Required action.
Please write out all the data exactly as shown.

Source data.
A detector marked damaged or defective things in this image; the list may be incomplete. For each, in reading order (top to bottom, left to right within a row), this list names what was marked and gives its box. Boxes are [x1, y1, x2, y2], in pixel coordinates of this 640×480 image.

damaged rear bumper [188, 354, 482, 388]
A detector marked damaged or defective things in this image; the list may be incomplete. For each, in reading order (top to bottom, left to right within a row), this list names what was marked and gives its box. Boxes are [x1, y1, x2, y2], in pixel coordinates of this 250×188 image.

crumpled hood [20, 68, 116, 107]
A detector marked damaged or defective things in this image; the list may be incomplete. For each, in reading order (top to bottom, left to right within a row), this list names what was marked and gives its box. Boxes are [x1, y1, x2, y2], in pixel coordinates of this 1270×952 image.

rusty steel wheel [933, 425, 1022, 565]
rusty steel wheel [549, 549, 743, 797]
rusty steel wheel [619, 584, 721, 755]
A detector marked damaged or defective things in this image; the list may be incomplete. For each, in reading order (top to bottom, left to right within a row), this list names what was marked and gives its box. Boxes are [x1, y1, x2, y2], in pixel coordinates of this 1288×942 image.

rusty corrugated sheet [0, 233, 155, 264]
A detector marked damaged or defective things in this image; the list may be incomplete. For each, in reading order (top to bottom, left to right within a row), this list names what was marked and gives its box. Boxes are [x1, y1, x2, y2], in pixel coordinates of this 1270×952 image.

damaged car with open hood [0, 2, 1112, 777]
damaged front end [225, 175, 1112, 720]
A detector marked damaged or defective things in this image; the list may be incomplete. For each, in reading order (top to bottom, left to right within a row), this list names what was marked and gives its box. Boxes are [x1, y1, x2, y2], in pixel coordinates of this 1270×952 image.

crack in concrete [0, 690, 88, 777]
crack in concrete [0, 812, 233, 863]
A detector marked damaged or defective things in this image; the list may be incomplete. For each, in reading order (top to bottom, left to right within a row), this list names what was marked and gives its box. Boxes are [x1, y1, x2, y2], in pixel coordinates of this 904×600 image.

Response.
A detector marked damaged or defective things in this image; the list may be incomplete. For each, in reading order (top to bottom, left to right within a row), this list names what was marked and gives its box. Boxes are [x1, y1, x2, y2], in pixel coordinates of this 640×480 image.

damaged rear bumper [188, 354, 482, 388]
A detector marked damaged or defective things in this image; the list may be incomplete. For each, in reading order (top to bottom, left to right within a row), this list names what was marked and gives its box. Boxes are [x1, y1, x2, y2], in pixel coordinates of this 250×188 image.

crumpled hood [20, 68, 116, 107]
A detector marked damaged or defective things in this image; the list may be incomplete. For each, in reading order (top to bottom, left to right within a row), this list names what was marked and gives its box. Boxes are [x1, y1, x2, y2], in pixel coordinates of this 1270×952 image.

rusty steel wheel [933, 425, 1022, 565]
rusty steel wheel [549, 549, 743, 797]
rusty steel wheel [619, 584, 721, 755]
A detector marked damaged or defective things in this image; the list may be incomplete. For each, in reading order (top to bottom, left to right within a row), this list names what was marked and gives its box. Boxes are [x1, y1, x2, y2], in pixel coordinates of this 1288×942 image.

rusty corrugated sheet [0, 233, 155, 264]
A detector marked damaged or defective things in this image; the list may be incomplete. For each, in reading order (top to bottom, left to right within a row), this list names what was marked and gives its box. Boxes are [x1, y1, x2, y2], in pixel coordinates of this 1270×952 image.

damaged car with open hood [0, 2, 1112, 777]
damaged front end [225, 175, 1112, 720]
A detector marked damaged or defective things in this image; the list may be incomplete. For each, in reading order (top to bottom, left to right within a row), this list names what was marked and gives its box. Boxes are [x1, y1, x2, y2], in pixel coordinates of this 1270×952 image.

crack in concrete [0, 690, 88, 777]
crack in concrete [0, 812, 233, 863]
A detector marked damaged or defective things in this image; the list may be incomplete. For each, in reading order (top to bottom, left to right within a row), this list names what was marked and gives its box. Boxes are [x1, y1, x2, y2], in pixel coordinates of this 904×600 image.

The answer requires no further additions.